EXERCISE DATA:
____

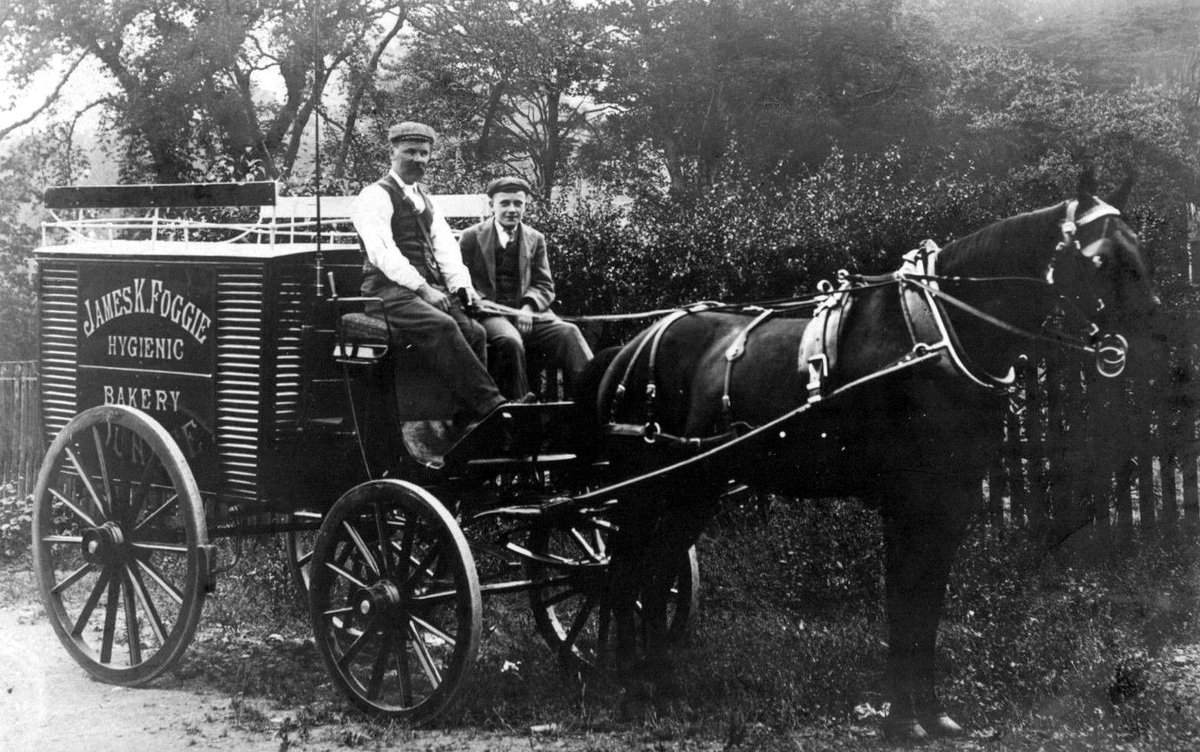 tourscotland's tweet image. Old Tour #Scotland #Ancestry Travel Visit #Genealogy #Scottish Family #History Blog #photography of the James K Foggie Bakery Delivery Cart in #Dundee. Historically part of #Angus, the city of Dundee developed into a burgh in medieval times tour-scotland-photographs.blogspot.com/2015/10/old-ph…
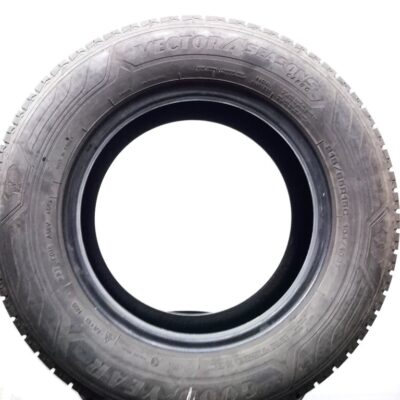 Goodyear 215/65 R15 104/102T Vector 4 Seasons CARGO pneumatici usati ALL SEASON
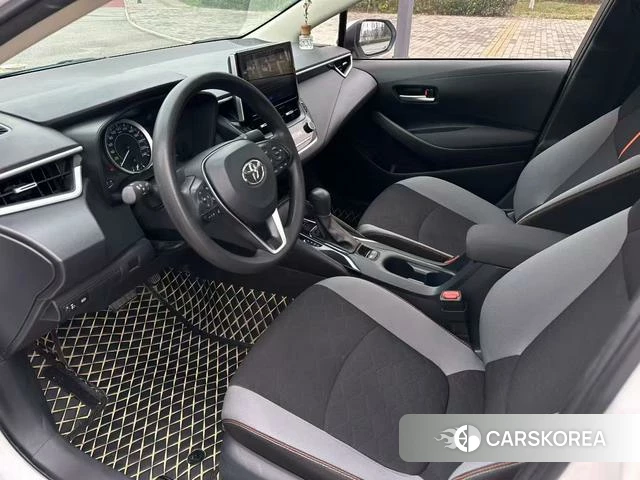 Toyota Corolla 2023 Белый из Китая, фото 4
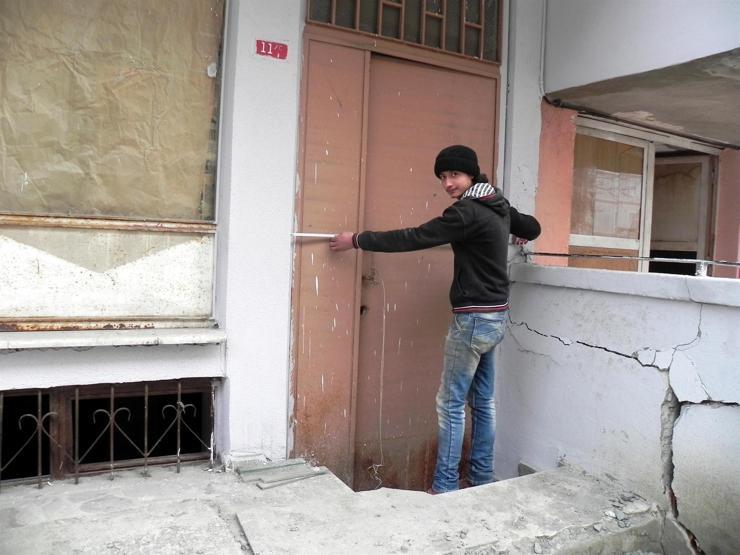 Bodrum katında bulunan uçağa polis incelemesi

____

All of the data above should be printed again exactly, though none of the pictures belong in the copy.

ANSWER AREA:
 tourscotland's tweet image. Old Tour #Scotland #Ancestry Travel Visit #Genealogy #Scottish Family #History Blog #photography of the James K Foggie Bakery Delivery Cart in #Dundee. Historically part of #Angus, the city of Dundee developed into a burgh in medieval times tour-scotland-photographs.blogspot.com/2015/10/old-ph…
 Goodyear 215/65 R15 104/102T Vector 4 Seasons CARGO pneumatici usati ALL SEASON
 Toyota Corolla 2023 Белый из Китая, фото 4
 Bodrum katında bulunan uçağa polis incelemesi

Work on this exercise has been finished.